That said, you cannot view anything in a vacuum and the railroads are benefiting from secular trends - most importantly winning a lot of business from the staggered trucking business. Further, as with most U.S. corporations cost containment is key (read: chopping labor and then when business rebounds, only bringing back labor slowly), and the railroads have pricing power - so only looking at the headline number and trying to extrapolate on 'economic activity' is too blunt an instrument.
- The CEO of CSX Corp. said Wednesday the railroad still has more room to grow its trains without adding staff, a key component of the efficiency that's allowed it to grow earnings at a much faster pace than shipments have picked up.
- The company can still grow carrying capacity by 10 to 15%, depending on the type of train.
- 6.6% increase in prices pushed through.
- Overall, shipments were up 10%
- Intermodal volumes rose 19%
Point being, does a 6.6% price increase have anything to do with better economic activity (or worse?) no - it's more a reflection of the railroad v trucking dynamic.
- “There is some pricing ability because we are an attractive option for people,” Ward said. “If they look at their options of moving stuff by truck or other modes, rail is the most attractive to them.
That is not to say the data is not interesting - indeed CSX confirmed a lot of things that we've been discussing for months and quarters.
- Asia is where it's at
- Auto shipments picking up
- Agriculture is positive
- Coal for export is hot
- Coal for U.S. usage i.e. utilities is not
- Lumber not improving - reflection on domestic housing
- Retail shipments for Americans are "meh" despite government now providing nearly 1 in 5 dollars of income, and many millions of households not paying their mortgage - i.e. the self created stimulus
The one change in the market and in CSX's report was the uptick in chemicals. This is a positive as this sector is a good broad economic indicator. It is impossible to tell how much is for domestic use versus international, but we can assume like everything else the strength is mostly due to overseas demand.
Stock specific - the auto supplier stocks have been excellent the past few months - even before the QE party, as have chemicals.
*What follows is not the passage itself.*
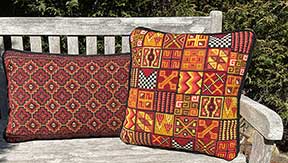 Geometric companion kits in reds, black and gold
- Chemical volume rose 5%.
Some other comments:
- CSX expects continued weakness in the housing and construction markets because of slow growth in new homes and infrastructure development projects. "There are no signs that (the housing market) is about to rebound," Ward said. "It's not declining, just not really improving."
- Coal shipments, which account for slightly more than 30% of revenue, were up 3% from a year ago, driven by overseas demand from foreign steelmakers.
- Third-quarter automotive and car-parts shipments jumped 44%
- Shipments of forest products, food and consumer products were flat, it said. Continued weakness in the construction sector hurt forest products, which includes lumber and other building materials, while weakness in demand for appliances crimped shipments in the food and consumer segment.
One "positive" - more Americans are drinking their sorrows away.
- In the consumer segment, CSX said higher demand for refrigerated goods and alcoholic drinks was offset by continued weakness in demand for appliances.
Is really is a tale of 2 global economies right now - again, all those on CNBC who claimed in 2008 and early 2009 the U.S. would lead the world in recovery (narcissism at its best) should wear their scarlet letter and publicly apologize... the "first in, first out" meme was annoying then, and seeing the same faces show up nowadays spewing their 'sense' is bemusing at best. These pundits completely missed the structural domestic issues we have been outlining (Economic Forecasts) since BEFORE the recession - the 'value add' from the narrowly focused "NY / DC" corridor Johnny Come Lately crowd is paltry, other than to realize what group think is all about.
*Remember, right now the economy is completely moot to the stock market - all economic data is to be simply read, reviewed, and disgorged under the party that is QE2.